The early Internet architecture used names as a convenient alias for an IP address. Each host used a local list of name and address pairs, and an application would look up the name in this file and use the associated address to use in the subsequent packet exchange. In many ways this file was a direct analogy to the telephone directory in a telephone network.
This simple framework has one major drawback, namely scalability. As the number of connected hosts on the network increased, the burden of distributing updated copies of this file increased, and the task of maintaining loose coherence across all these local copies of the name file became more challenging. The document IEN 61, describing an Internet Name Server, was released in 1978, and it appears to be a very basic predecessor of today’s DNS. Some five years later, in 1983, RFC 882 defined a hierarchical namespace using a tree-structure name hierarchy. It also defined a name server as a service that holds information about a part of the name hierarchy and also referrals to other name servers that hold information about lower parts of the name hierarchy. The document also defined a resolver that is able to resolve names into their stored attributes by following referrals to find the appropriate name server to query and then obtain this information from the server. RFC 883 defined the DNS query and response protocol as a simple stateless protocol.
And that’s about it.
Most of what is in today’s DNS was defined in these early specifications, and what we’ve been doing over the intervening forty years been filling in the details. The DNS not really changed in any substantive manner over the intervening period.

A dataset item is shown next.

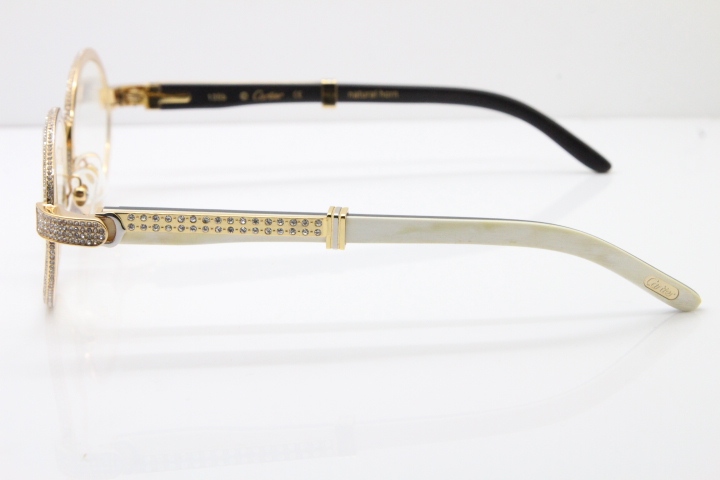 Cartier T7550178 White Inside Black Buffalo Horn Smaller Big Stones Vintage Eyeglasses In Gold（Limited edition）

However, I think that such a perspective ignores a large body of refinement in the DNS world that has occurred.
The DNS is by no means perfect. The DNS can be extremely slow to resolve a name, and even slower to incorporate changes into the distributed data framework. The resolution of DNS queries pays scant regard to concerns about user privacy, and any party who can observe a user’s DNS query stream can readily piece together an accurate picture of the user’s activities. The distributed stateless method used to resolve names is prone to various efforts to eavesdrop on DNS transactions and manipulate the information being provided in DNS responses. The DNS cannot easily protect itself from disruptive attacks and has been regularly used in highly effective denial-of-service attacks. It’s also insecure in that a client cannot verify the authenticity and currency of a response.
The operation of the DNS in resolving a name can be extremely opaque. The use of parallel servers and resolvers to improve the resilience of the DNS creates a combinatorial explosion in the number of paths that can be used to navigate through the distributed data structure. It is not possible to tell in advance which servers may be used in the resolution of a query, or the number of additional queries a single original query may trigger. Given that resolvers are able to respond directly to a query from a locally cached response, it is not possible to tell in advance where the response came from or if the response is authentic.

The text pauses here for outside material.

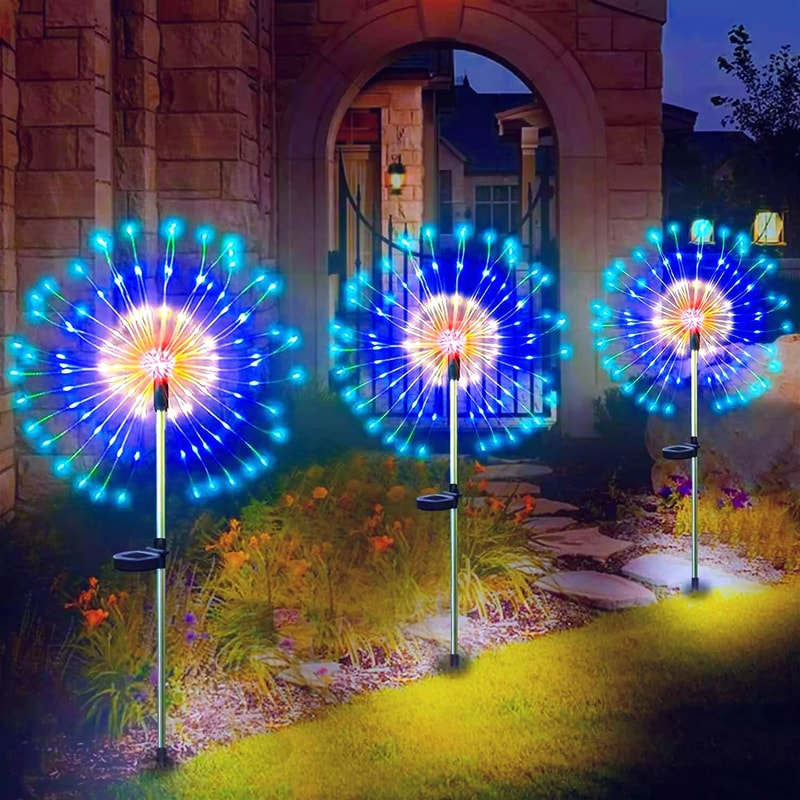 LED Solar Firework Stake Lights Outdoor Garden Landscape Decoration 0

For a common and fundamental service that every user not only uses, but implicitly relies upon, the DNS in practice is far from a paragon of sound operational engineering.
The evolutionary efforts have been intended to remedy some of these shortcomings, intending to improve the speed of DNS resolution, improving aspects of privacy of DNS transactions, increasing the level of trust in DNS responses, and resisting efforts to subvert the integrity of DNS name resolution transactions.
The DNS is not what you might call a discrete protocol. By default, queries are made clear. The IP address of the querier, the server being queried, and the name being queried is visible to any party that is in a position to inspect DNS traffic. This not only includes potential eavesdroppers in the network but also the operating system platform that hosts the application making the DNS query, the recursive resolver that receives the query, and any forwarding agent used by the recursive resolver. Depending on the state of the local cache in the recursive resolver, the recursive resolver may need to perform some level of top-down navigation through the name server hierarchy, asking an authoritative server at each level for the full original query name. The recursive resolver will normally list itself as the source of these queries, so the identity of the original user is occluded, but the query name is still visible.
RFC 7858 provides a specification for DNS over a Transport Layer Security (TLS) session (DOT). This allows the client and server to set up a shared session key in a secure manner which is then used to encrypt all subsequent transactions between the two parties. TLS can also be used to authenticate the server name to assure the client that it is connecting to an instance of the named server. There is some overhead to setting up a TLS session, and the most efficient use of this approach is in the stub-to-recursive DNS environment where a single TLS session can be kept open and reused for subsequent queries, amortizing the initial setup overheads across these queries. The standard specification of DOT defines the use of TCP port 853, which allows an onlooker to identify that DOT is being used and identify the two end parties by their IP addresses but not the DNS queries and responses.
Subsequent standards work has defined DNS over QUIC, RFC 9250 (DoQ). The encryption provided by QUIC has similar properties to those provided by TLS, while QUIC transport eliminates the head-of-line blocking issues inherent with TCP and provides more efficient packet-loss recovery than UDP.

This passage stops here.